As reported in the Wall Street Journal, the National Institute of Standards and Technology (NIST) has released a new version of their document “Special Publication 800-63” for Digital Identity Guidelines. Normally, this type of publication goes unnoticed by the general public, but not this time!
Most of the guidelines that we in the IT industry follow regarding password security come from NIST’s 800-63 document. These guidelines are rules like changing your password often, using “special characters” and numbers, and making sure your password is at least 8 characters.
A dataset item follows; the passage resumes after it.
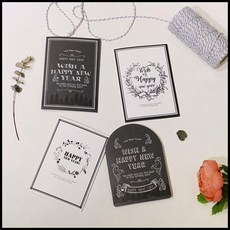 OT 아이씨엘 새해 카드 세트 - 크리스마스카드 8set black 편지 디자인문구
Well… to put it bluntly, the new version throws it all out the window due to, as NIST puts it, “widespread frustration with the use of passwords from both a usability and security standpoint.”
The chief architect of both this version and the old version is a man by the name of William (Bill) Burr, a now-retired manager for NIST. Burr is quoted in the Wall Street Journal as saying, “It just drives people bananas and they don’t pick good passwords no matter what you do.”
The new guidelines recommend the following for user’s passwords:
- Using extremely long passphrases around 24 characters in length
- Using password rate limiting software to slow down potential attackers which are guessing passwords
- Limiting the number of erroneous attempts, again, to slow down potential attackers
- Not using commonly used passwords such as “password” or “monkey”
- NOT forcing users to use complex passwords such as those that require upper and lower case letters, numbers, and/or symbols
- NOT forcing users to change their passwords on a regular basis, only when there may have been a breach or it is forgotten
While many of these new guidelines are the same or increases from the previous version, some, like password complexity, may be hard habits to break for IT administrators looking to secure their networks against attacks from the deluge of attacks we face on the internet every day.